[Start of section]

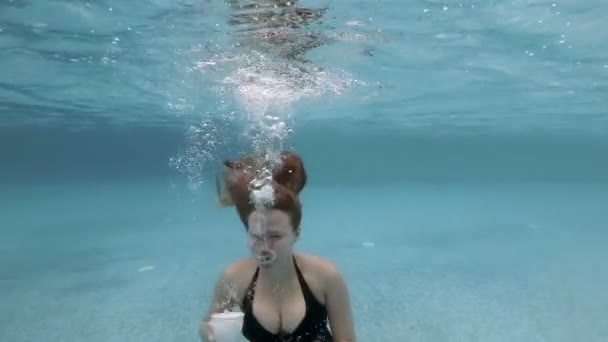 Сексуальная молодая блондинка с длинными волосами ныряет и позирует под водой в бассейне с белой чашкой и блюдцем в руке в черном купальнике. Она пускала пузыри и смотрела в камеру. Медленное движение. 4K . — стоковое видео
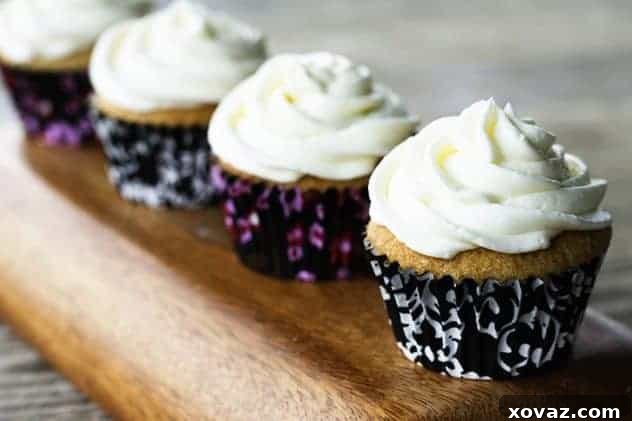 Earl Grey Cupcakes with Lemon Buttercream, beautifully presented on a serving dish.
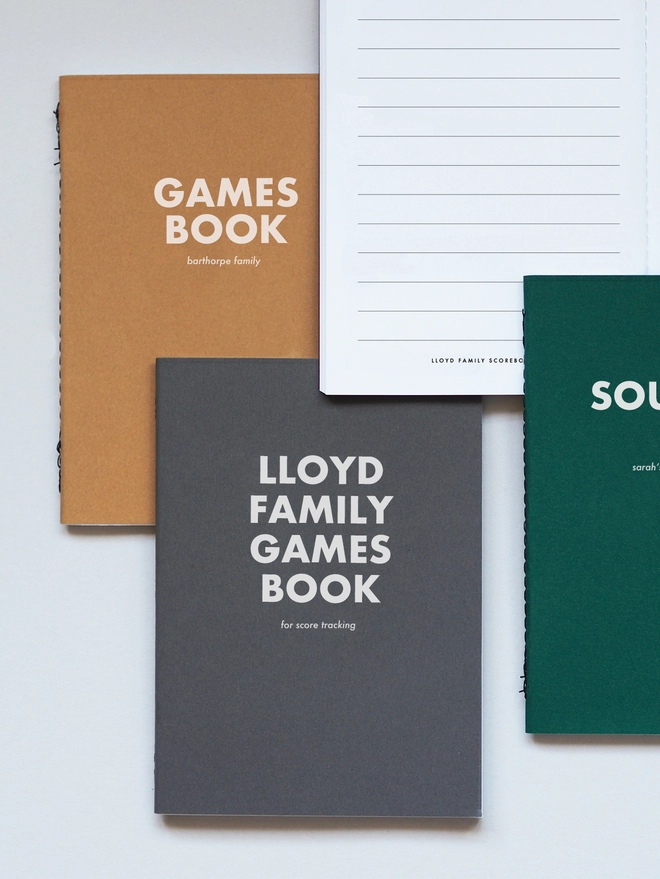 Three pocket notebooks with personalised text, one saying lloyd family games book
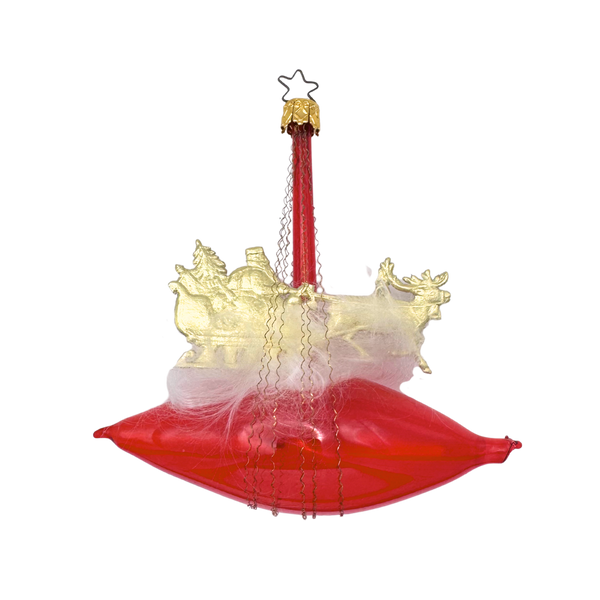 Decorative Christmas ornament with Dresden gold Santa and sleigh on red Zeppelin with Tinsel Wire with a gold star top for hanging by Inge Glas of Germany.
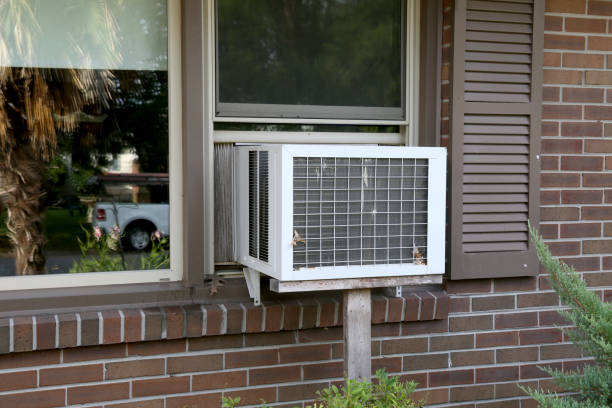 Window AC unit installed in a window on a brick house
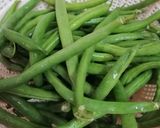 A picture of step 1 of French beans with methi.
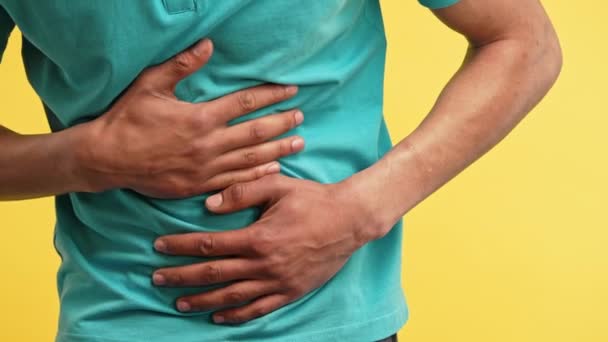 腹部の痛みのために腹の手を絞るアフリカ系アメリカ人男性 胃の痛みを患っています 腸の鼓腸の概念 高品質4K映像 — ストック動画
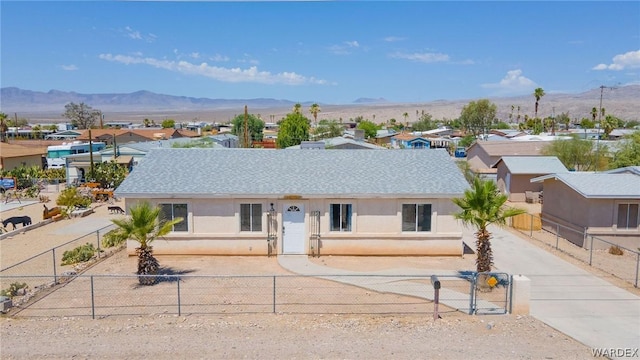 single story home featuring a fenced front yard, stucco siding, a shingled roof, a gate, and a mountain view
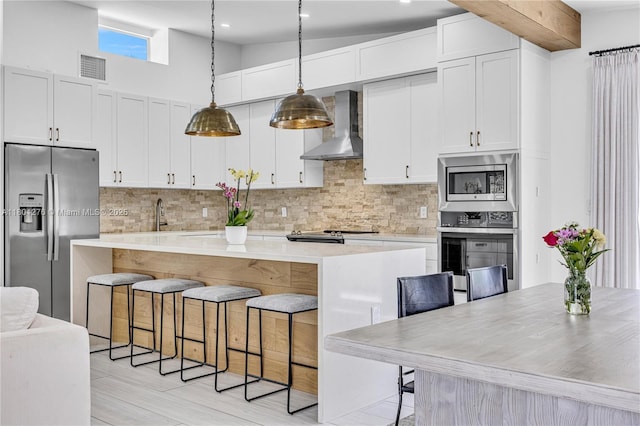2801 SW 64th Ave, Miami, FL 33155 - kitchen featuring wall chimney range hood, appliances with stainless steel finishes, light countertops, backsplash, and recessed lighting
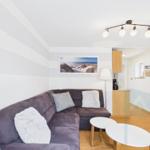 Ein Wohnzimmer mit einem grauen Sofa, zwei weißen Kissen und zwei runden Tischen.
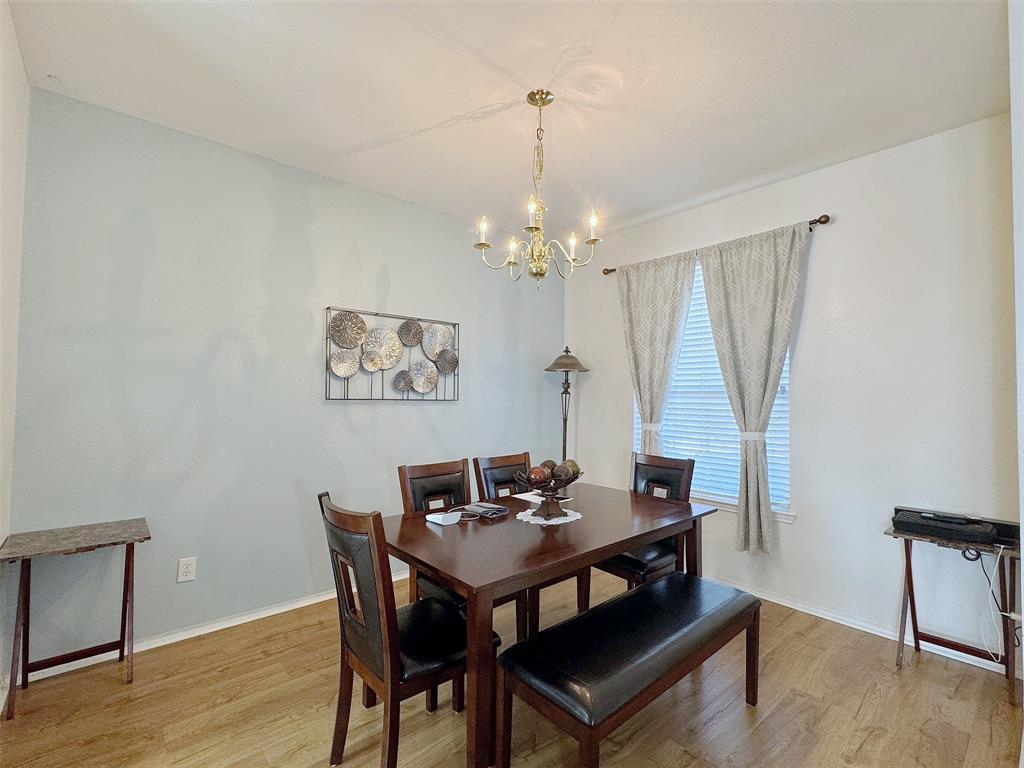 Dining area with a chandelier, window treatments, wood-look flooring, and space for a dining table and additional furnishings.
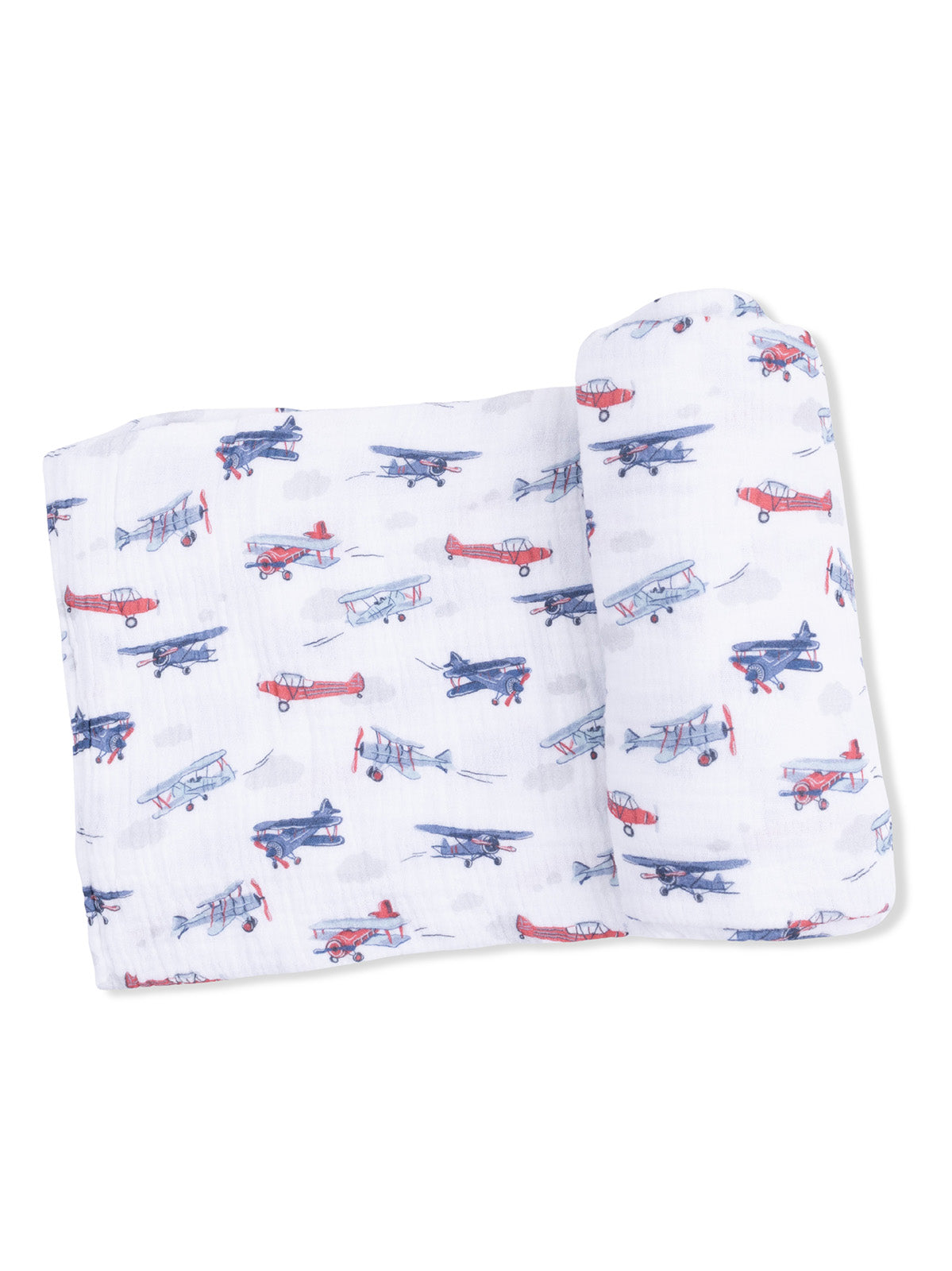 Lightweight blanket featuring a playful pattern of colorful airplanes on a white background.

[End of section]

• TASK OBJECTIVE
Omit every picture, then repeat the remaining data exactly as it appears above.

• OUTPUT OF THE EXERCISE
 Сексуальная молодая блондинка с длинными волосами ныряет и позирует под водой в бассейне с белой чашкой и блюдцем в руке в черном купальнике. Она пускала пузыри и смотрела в камеру. Медленное движение. 4K . — стоковое видео
 Earl Grey Cupcakes with Lemon Buttercream, beautifully presented on a serving dish.
 Three pocket notebooks with personalised text, one saying lloyd family games book
 Decorative Christmas ornament with Dresden gold Santa and sleigh on red Zeppelin with Tinsel Wire with a gold star top for hanging by Inge Glas of Germany.
 Window AC unit installed in a window on a brick house
 A picture of step 1 of French beans with methi.
 腹部の痛みのために腹の手を絞るアフリカ系アメリカ人男性 胃の痛みを患っています 腸の鼓腸の概念 高品質4K映像 — ストック動画
 single story home featuring a fenced front yard, stucco siding, a shingled roof, a gate, and a mountain view
2801 SW 64th Ave, Miami, FL 33155 - kitchen featuring wall chimney range hood, appliances with stainless steel finishes, light countertops, backsplash, and recessed lighting
 Ein Wohnzimmer mit einem grauen Sofa, zwei weißen Kissen und zwei runden Tischen.
 Dining area with a chandelier, window treatments, wood-look flooring, and space for a dining table and additional furnishings.
 Lightweight blanket featuring a playful pattern of colorful airplanes on a white background.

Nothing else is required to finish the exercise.